Records from a data source:
■ ■ ■
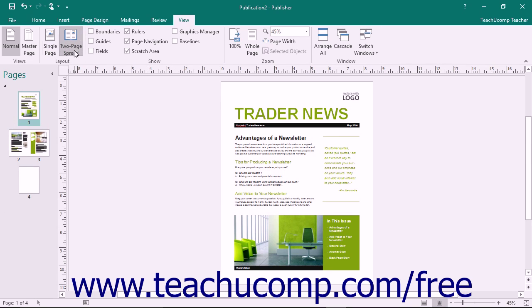It is important to note that some templates may not allow for a two-page spread view. You will also need at least three pages in your publication to view it within a two-page spread view.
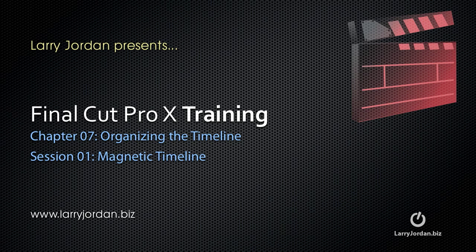Welcome to this Final Cut Pro 10 training. My name is Larry Jordan. This is Chapter 7, Organizing the Timeline. And in this session, I want to talk about the Magnetic Timeline.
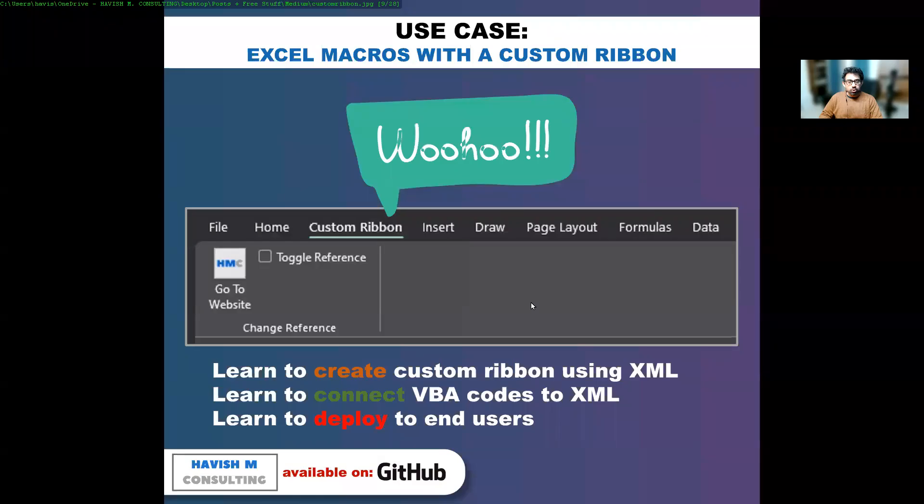Hi, everyone. Today, I want to show you how you can create your own custom ribbon in XML.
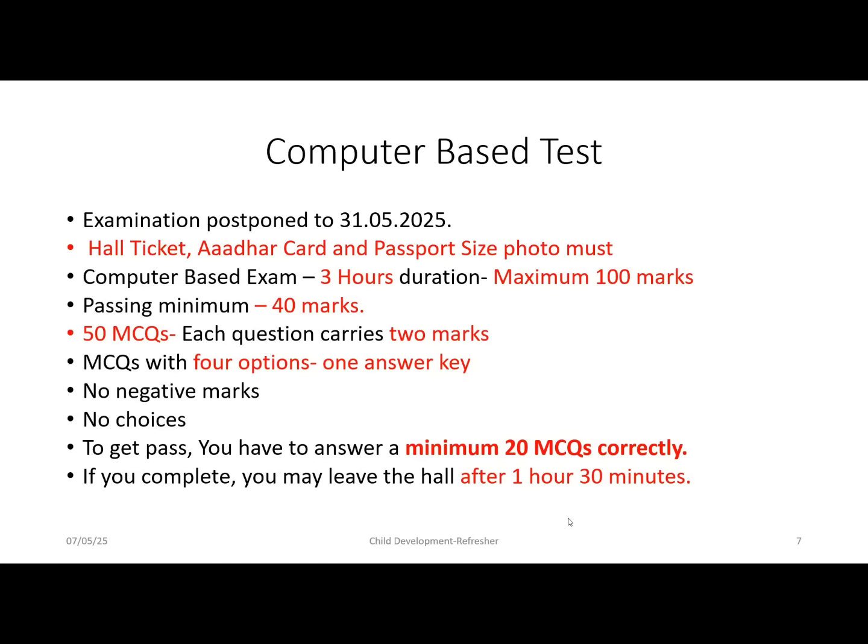You will attend 50 multiple choice questions, each carrying 2 marks. All questions are of the 'choose the best answer' type with 4 options, and one will be the answer key. There are no negative marks and no choices — you must attempt all 50 questions. To pass, you need to answer at least 20 questions correctly. If you finish early, you may leave the hall after one and a half hours.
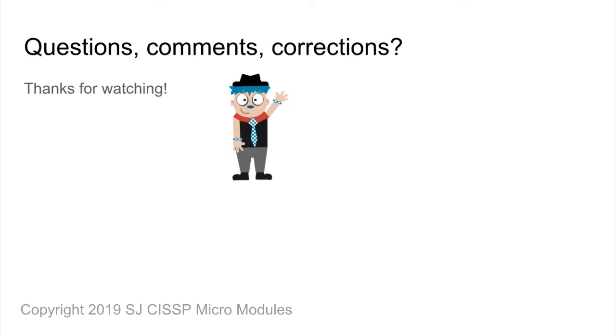Thank you for watching, and please leave any comments or corrections in the box below. Have a great day.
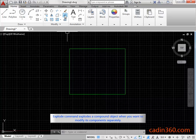Explode command explodes a compound object when you want to modify its components separately.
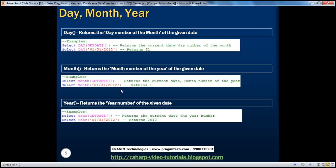If you look at Month, it returns the month number of the year. Today is September 1st, 2012, so Month of getDate returns number 9 for September. And here, this is January 31st 2012, so Month function returns 1, which is very straightforward. Along the same lines, the Year function returns the year number of the given date. So getDate returns September 1st, 2012, so Year returns 2012. The second one also returns 2012 because the year is hardcoded to 2012. Depending on which part of the date you want, you can choose either Day, Month, or Year functions.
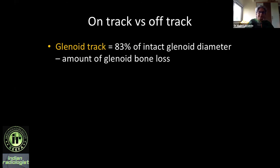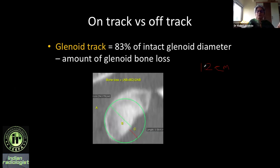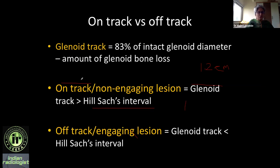The concept of on-track versus off-track: measure the glenoid track by taking 83% of the intact glenoid diameter and subtracting the bone loss amount. Then measure the Hill-Sachs transverse dimension — the Hill-Sachs interval. If the glenoid track is larger than the Hill-Sachs interval, it is an on-track lesion. With significant bone loss he does a Latarjet; without significant bone loss, soft tissue repair only.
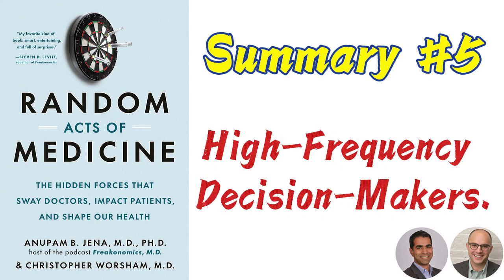Today, let's continue discussing Jenna and Worsham's Random Acts of Medicine. This is the fifth part of the interpretation.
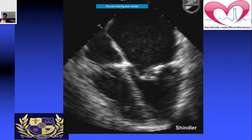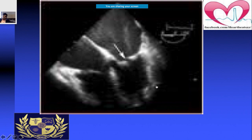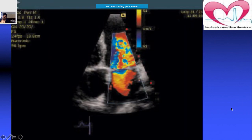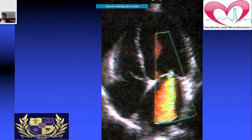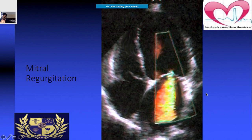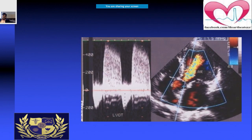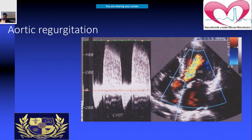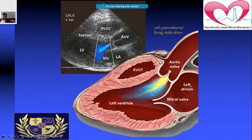In the four-chamber view, if you notice something unusual and add color Doppler, you may see a large jet indicating mitral regurgitation. Similarly, in the left ventricular outflow tract across the aortic valve, color Doppler reveals an aortic regurgitation jet, which can be visualized in the left parasternal long axis view.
■ ■ ■
Nothing but the lines above from the line with "The concept of" up to and including the line with "Today, let's continue" should be returned, exactly as written and without pictures.

** OUTPUT FOR THIS TASK **
The concept of on-track versus off-track: measure the glenoid track by taking 83% of the intact glenoid diameter and subtracting the bone loss amount. Then measure the Hill-Sachs transverse dimension — the Hill-Sachs interval. If the glenoid track is larger than the Hill-Sachs interval, it is an on-track lesion. With significant bone loss he does a Latarjet; without significant bone loss, soft tissue repair only.
Today, let's continue discussing Jenna and Worsham's Random Acts of Medicine. This is the fifth part of the interpretation.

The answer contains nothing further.